Thursday, April 7, 2016

ECB willing to intervene, warning Dragons of uncertainty the future economy – Reuters Italy

FRANKFURT (Reuters) – the European central Bank is willing to further ease its monetary policy, according to reports from three of its leading members, including the President who underlined the fears of the uncertainty of the prospects of Fed ‘global economy.

the 2016 will be another year full of challenges, wrote the ECB President, Mario Draghi, in the annual report.

” We have to deal with the uncertainty of the prospects of the global economy, with continuing disinflationary forces and with the question of what direction will Europe and its capacity to face new setbacks “Draghi wrote in the document.

the Dragons statements go into same direction as those of the Fed members, as reflected in the last minute meeting in March spread yesterday, in which it appears that “participants generally believe that the global economic and financial developments continue to pose risks.”

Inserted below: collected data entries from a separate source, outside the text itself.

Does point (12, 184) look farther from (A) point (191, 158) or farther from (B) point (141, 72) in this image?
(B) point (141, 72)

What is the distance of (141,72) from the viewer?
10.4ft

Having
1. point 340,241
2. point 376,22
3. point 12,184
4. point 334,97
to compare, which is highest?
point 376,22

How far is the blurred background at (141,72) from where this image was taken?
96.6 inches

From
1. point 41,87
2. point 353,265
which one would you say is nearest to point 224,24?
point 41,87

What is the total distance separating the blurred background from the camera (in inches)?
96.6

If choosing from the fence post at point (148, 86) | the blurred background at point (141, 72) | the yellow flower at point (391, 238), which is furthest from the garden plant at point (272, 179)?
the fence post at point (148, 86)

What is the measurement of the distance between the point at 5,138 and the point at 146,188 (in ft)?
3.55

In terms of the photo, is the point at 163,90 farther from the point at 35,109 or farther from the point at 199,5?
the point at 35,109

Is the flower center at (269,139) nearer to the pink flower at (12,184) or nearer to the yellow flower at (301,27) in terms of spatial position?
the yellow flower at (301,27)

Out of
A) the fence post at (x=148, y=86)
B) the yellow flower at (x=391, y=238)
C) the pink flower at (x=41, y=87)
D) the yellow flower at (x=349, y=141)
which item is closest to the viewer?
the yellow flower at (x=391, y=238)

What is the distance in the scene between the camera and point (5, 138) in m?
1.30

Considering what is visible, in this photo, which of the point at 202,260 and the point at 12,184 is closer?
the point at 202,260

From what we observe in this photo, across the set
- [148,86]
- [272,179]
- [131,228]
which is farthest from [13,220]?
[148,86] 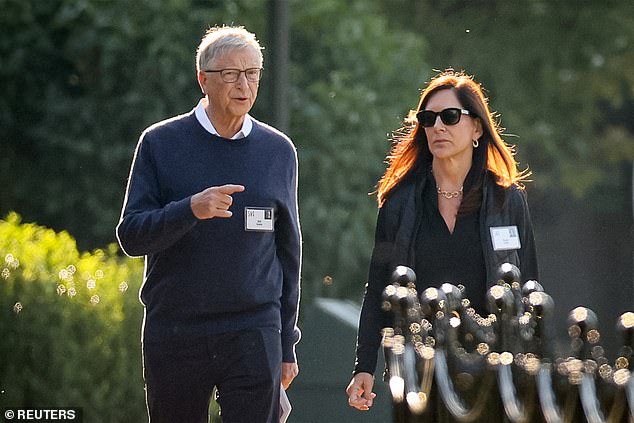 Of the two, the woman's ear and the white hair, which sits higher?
the white hair

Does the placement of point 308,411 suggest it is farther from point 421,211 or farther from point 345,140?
point 421,211

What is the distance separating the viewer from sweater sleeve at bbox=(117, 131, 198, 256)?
13.9 ft

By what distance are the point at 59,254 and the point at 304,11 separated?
311cm

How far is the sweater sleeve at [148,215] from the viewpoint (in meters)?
4.24

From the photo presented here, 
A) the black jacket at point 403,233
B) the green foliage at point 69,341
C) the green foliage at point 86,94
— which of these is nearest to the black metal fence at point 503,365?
the black jacket at point 403,233

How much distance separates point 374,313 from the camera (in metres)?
4.70

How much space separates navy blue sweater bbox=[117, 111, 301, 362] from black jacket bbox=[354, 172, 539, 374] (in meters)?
0.29

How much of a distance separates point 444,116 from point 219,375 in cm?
99

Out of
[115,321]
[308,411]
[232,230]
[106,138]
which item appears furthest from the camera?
[106,138]

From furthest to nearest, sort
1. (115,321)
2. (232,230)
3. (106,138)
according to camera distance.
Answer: (106,138)
(115,321)
(232,230)

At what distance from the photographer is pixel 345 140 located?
9000 mm

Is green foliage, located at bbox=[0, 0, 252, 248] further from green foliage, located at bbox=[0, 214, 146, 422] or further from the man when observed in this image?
the man

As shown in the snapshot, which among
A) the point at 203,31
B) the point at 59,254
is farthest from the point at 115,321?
the point at 203,31

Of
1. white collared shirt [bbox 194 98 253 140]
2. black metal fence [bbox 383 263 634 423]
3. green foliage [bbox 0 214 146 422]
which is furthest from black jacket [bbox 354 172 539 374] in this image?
green foliage [bbox 0 214 146 422] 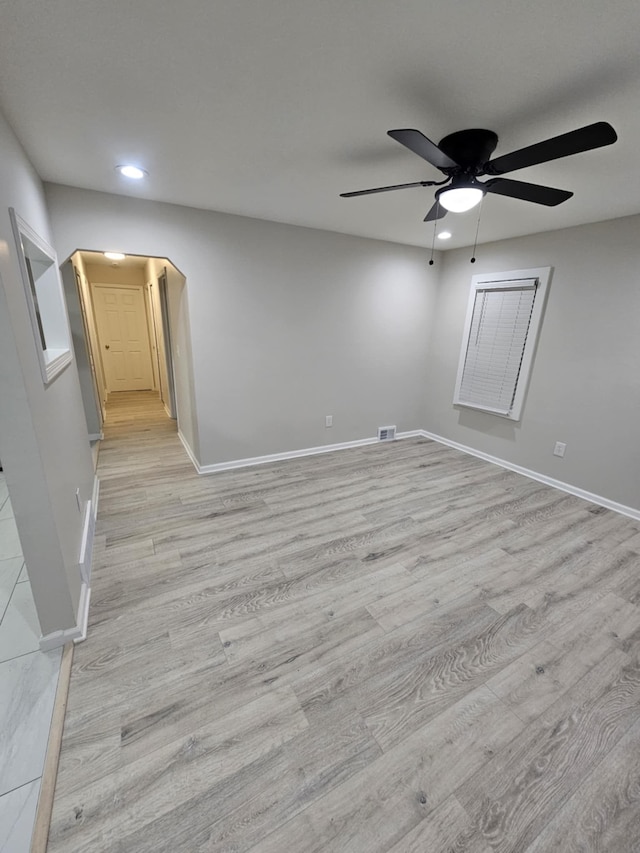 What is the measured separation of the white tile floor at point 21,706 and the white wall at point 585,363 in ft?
13.4

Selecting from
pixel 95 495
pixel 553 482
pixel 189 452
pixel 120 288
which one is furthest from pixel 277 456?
pixel 120 288

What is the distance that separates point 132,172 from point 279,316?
1.63 meters

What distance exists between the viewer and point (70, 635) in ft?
5.41

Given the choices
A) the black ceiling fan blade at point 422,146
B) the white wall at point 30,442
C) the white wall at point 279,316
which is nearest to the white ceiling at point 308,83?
the black ceiling fan blade at point 422,146

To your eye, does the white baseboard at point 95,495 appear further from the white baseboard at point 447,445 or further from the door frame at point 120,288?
the door frame at point 120,288

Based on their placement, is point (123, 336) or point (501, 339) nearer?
point (501, 339)

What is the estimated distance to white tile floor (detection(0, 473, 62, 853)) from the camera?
42.2 inches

Draghi reiterated that “the ECB does not surrender in front of excessively low inflation” , a message that shows the availability to act in Frankfurt. An intervention could include an adjustment of the purchase of government bonds ECB program.

Even Peter Praet, chief economist of the ECB, Frankfurt reiterated the central bank to proceed with further measures if necessary.

“If you were to materialize further shocks, our measures should be recalibrated once again on the basis of the extent of headwinds,” he said.

The deputy Draghi, Vitor Constancio, has aligned itself with the statements of colleagues but added that other actors, especially in governments, must do their part to boost growth.

“the ECB has done … and will continue to do what is necessary to pursue the objective of price stability, which now also includes trying to encourage growth. But also other political forces must act, “Constancio said.

On site www.reuters.it other news Reuters in Italian. We welcome comments on www.twitter.com/reuters_italia

© Thomson Reuters 2016 All rights assigns Reuters.